The next day I put up a bird feeder and filled it with sunflower seeds.  Figured the 50 pound bag would last a while.  I was wrong.

Because that afternoon I was back at Mickey D’s PlayPlace, feeding more birds.  I couldn’t help myself.  I had a plan to keep them out of the truck.  I’d brought my fully automatic SuperSoaker squirt gun, and it was loaded for bird.  I was ready to stand my ground. 

So I was able to get into the cab without any birds.  That prevented the nasty mess from the first time.  I should have known they would just perch on the tailgate all the way home.  They looked funny with the wind blowing their headfeathers back.  The bumper needed cleaning.  I used the squirt gun.

Wasn’t long before the manager at my favorite restaurant said something about a restraining order and told me I was no longer welcome on the premises.  Like that would stop me.  I bought super-sized fries from the Burger King across the street.  I threw them over the fence at McDonalds whenever the manager’s car was not in the parking lot.  The birds knew who was buttering their bread.  There were so many following me home there wasn’t room on the tailgate. 

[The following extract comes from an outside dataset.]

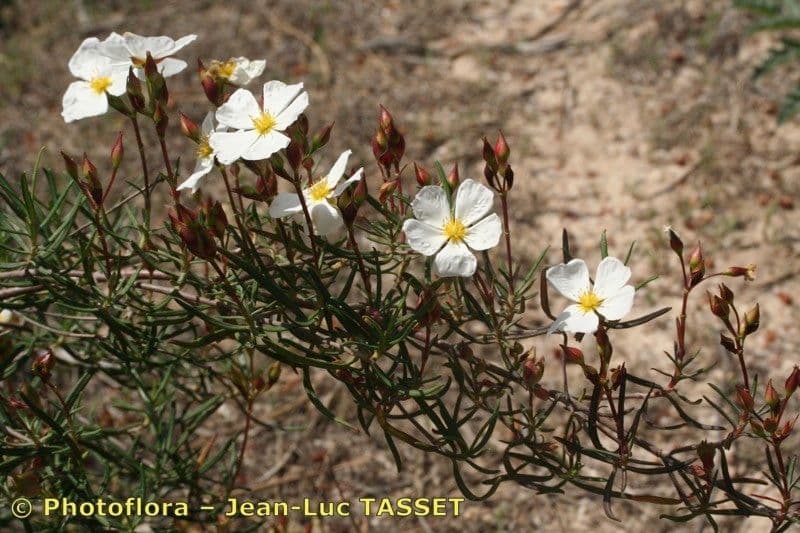 Cistus 18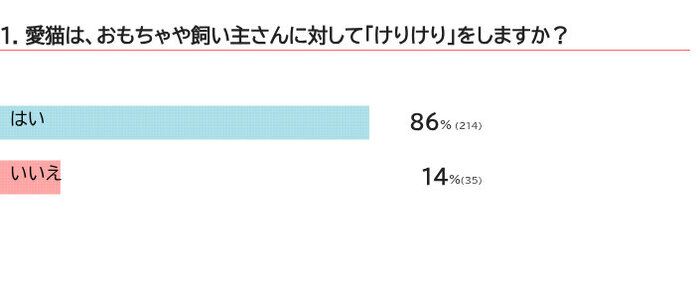 愛猫はけりけりをする？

So many birds it looked like there was a black cloud behind me.  I drove 10 miles per hour in the right lane, with the emergency flashers going.  It only took a half hour to get home that way.

That was about the time I began attracting the attention of law enforcement.

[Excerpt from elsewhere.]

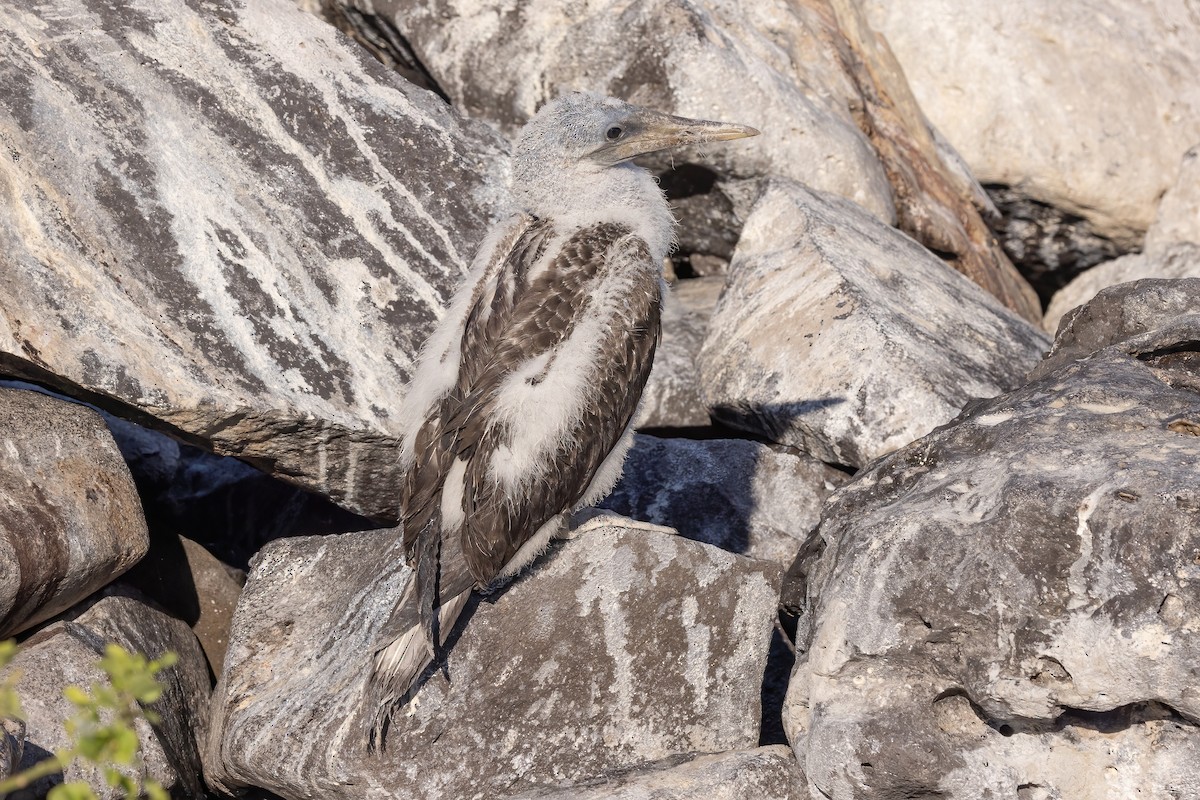 Nazca Booby - ML620273952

At the same time, I realized that bullying Francis Cannon 45 years ago was a bad idea.  When I was 6 inches taller than him, and 25 pounds heavier, it seemed like a great idea.  He was easy to trip, and I perfected my wedgie technique with his involuntary assistance.  My favorite trick was smashing my fist into the dessert on his lunch tray.

How could I have known he would end up 6’4” and 250 pounds of muscle after his growth spurt?  Or that Francis would turn into Frank and become an Army Ranger?  Or that he would go to law school and become the District Attorney?

When I sat in Mr. Cannon’s office with my lawyer, I did not have the urge to give him a wet willie.  Clearly those days were over.

Frank was more merciful to me than I ever was to him.  He offered me a second chance.  He’d drop the charges if I would to give up my bird habit.  At the moment, it seemed like the thing to do, so I agreed.  And I never fed another bird again, until the next day.

Pretenses of friendliness disappeared the next time I sat in his office.  The look on his face made it clear who was going to do the bullying from now on.  I had no idea how creative he was.  Apparently Frank had given payback some thought.

I have to admit, he came up with the only possible solution.  By then, things had gotten completely out of hand.  There were so many birds at my house the sky was overcast all the time.  My plants were wilting from lack of sunlight.  The mailperson refused to drive down the street after she was attacked by crows.

When Frank offered me a choice between prison and exile to the tract of hunting land he owned in the northeast corner of the state, it would have been a no brainer even if I were a birdbrain.  Me and the birds were heading east.

I’m okay with giving up contact with the rest of the world.  Frank’s cabin is so remote, there will be no cell phone or internet.  He does have a ham radio.  I guess I can be friends with old people.

So here I am, walking down the shoulder of U.S. 72 on the way to our new home.  My State Trooper escorts are riding Harleys and I can barely hear them.  The pop-pop of their engines has no chance against the flapping of a million wings.

I only have one regret.  The nickname the media came up with.  It’s stupid.  I can’t help it if Joseph Alcott built a mill on the creek behind my house 200 years ago and his children named a road for him.  I can’t help it if Burt Lancaster made that movie.  I do not deserve to be known as The Birdman of Alcott Trace.